Developer: Asobo Studio
Plataforma: PC e Xbox Series X|S
Data de Lançamento: 22 de novembro de 2024
Devo confessar que há análise mais complicadas do que outras de se fazer, muito por conta das questões técnicas que muitos parecem ter numa imensurável conta nos dias que passam, mas também pelas constantes dificuldades que vemos determinados títulos a terem no seu lançamento. Já não me recordo de um jogo que não tenha um patch de Day One, ou correções na primeira semana de lançamento, mas há jogos que conseguem disfarçar melhor do que outros, e os que não conseguem, geralmente não se conseguem voltar a levantar. Este ano já vimos o Concord a ser “esmagado”, o Test Drive Unlimited Solar Crown a ser esquecido, mas se recuarmos mais no tempo, também vimos como Redfall foi obliterado.
E isso acontece não só pelas graves questões técnicas que estes jogos apresentaram no seu lançamento, mas também pela radicalização de posições que existe por essa internet fora que, ora se ama, ora se odeia, num mundo sem segundas chances e sem consideração pelo trabalho feito.
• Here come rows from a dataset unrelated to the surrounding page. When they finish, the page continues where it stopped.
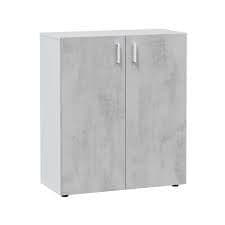 2-Door Grey & White Wide Universal Wall Storage Cupboard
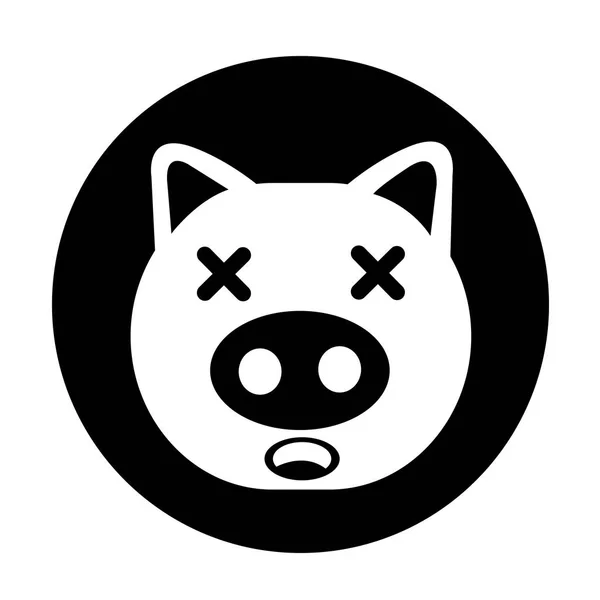 かわいい豚のアイコン — ストックベクタ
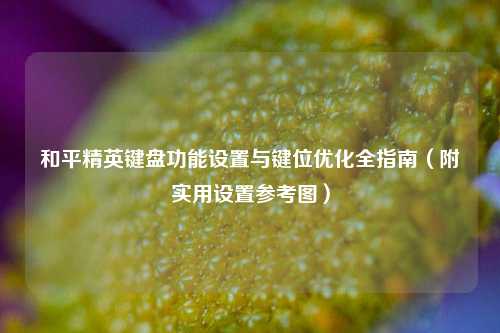 和平精英键盘功能设置与键位优化全指南（附实用设置参考图）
Por isso, tenho que afirmar, conscientemente, que voltei ao Microsoft Flight Simulator várias vezes, em dias diferentes, até em semanas diferentes, para tentar escrever esta análise, com alguma consideração pelo trabalho da Asobo Studio, para perceber o que tinha corrido mal na execução deste plano para o Microsoft Flight Simulator 2024.
Talvez o primeiro erro tenha sido não fazer uma expansão em vez de um jogo novo. No entanto, a ambição da Asobo Studio era grande, e provavelmente é isso que a está a ferir de morte nestas primeiras semanas de vida. A Asobo Studio não cumpriu com aquilo que prometeu que era “a maioria dos add-ons do MFS 2020 vai funcionar directamente do novo simulador”. Isto foi dito várias vezes pelos seus responsáveis e ficámos convencidos disso, porque, no fundo, poderíamos facilmente migrar de um para o outro, mantendo os add-ons que tanto gostamos, mas a verdade é outra completamente diferente. Só uma fracção dos produtores desses add-ons teve acesso ao simulador antes do lançamento e a maioria afirmou que não teve tempo para realmente produzir actualizações para o Microsoft Flight Simulator 2024.
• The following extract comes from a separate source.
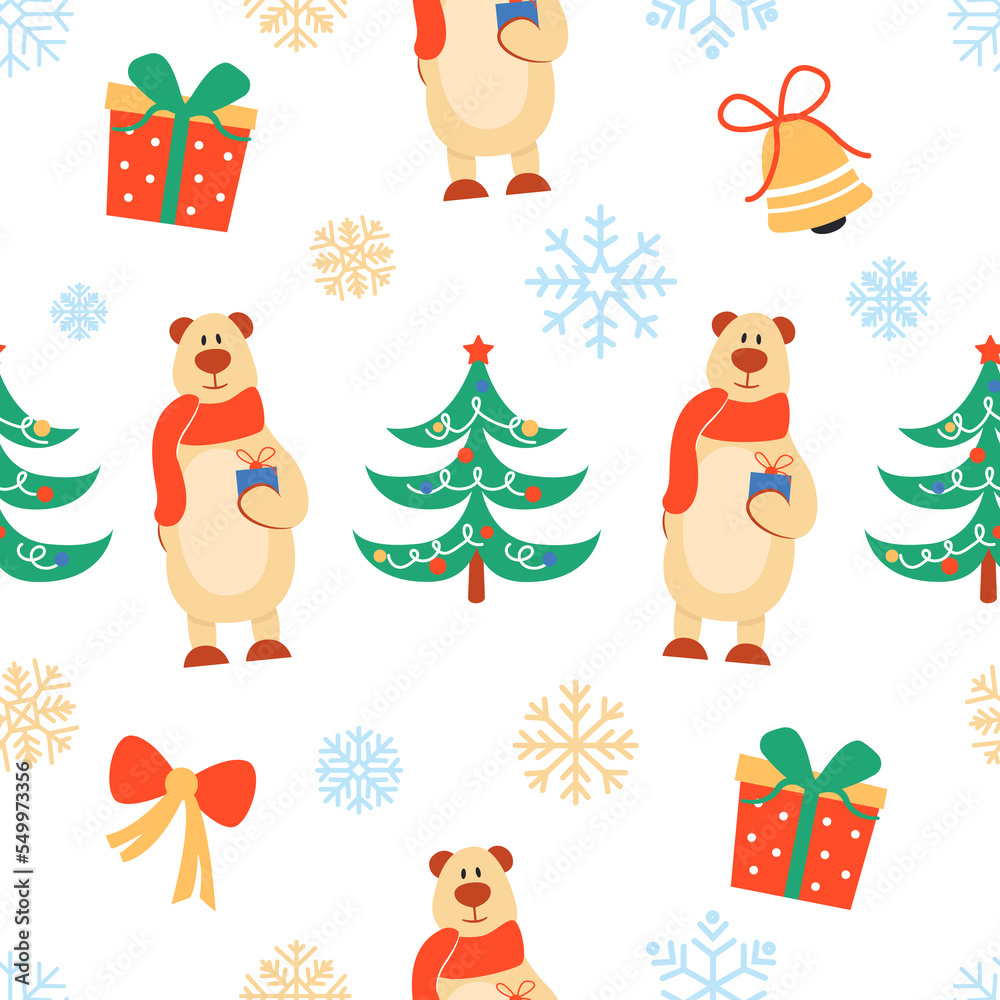 Christmas pattern with a cute bear holding a gift. Bright festive background. illustration.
E isso aconteceu por outro erro crasso da Asobo, que foi criar um novo software de produção base, vulgo SDK, o que fez com que qualquer add-on lançado anteriormente teria que ser rescrito para ser compatível com o novo. E, presumo eu, que, por isso mesmo, a Asobo decidiu não lançar o Marketplace com o lançamento do jogo, o que faz com que não possamos “migrar” de um jogo para o outro, e mesmo quando isso acontecer, visto que o SDK não é compatível, provavelmente não vão funcionar da melhor maneira, pelo menos, até a Asobo arranjar uma solução para este problema. E esta é uma enorme machadada na promoção que foi feita em relação ao jogo e que terá levado tantos jogadores a pré-encomendarem o jogo.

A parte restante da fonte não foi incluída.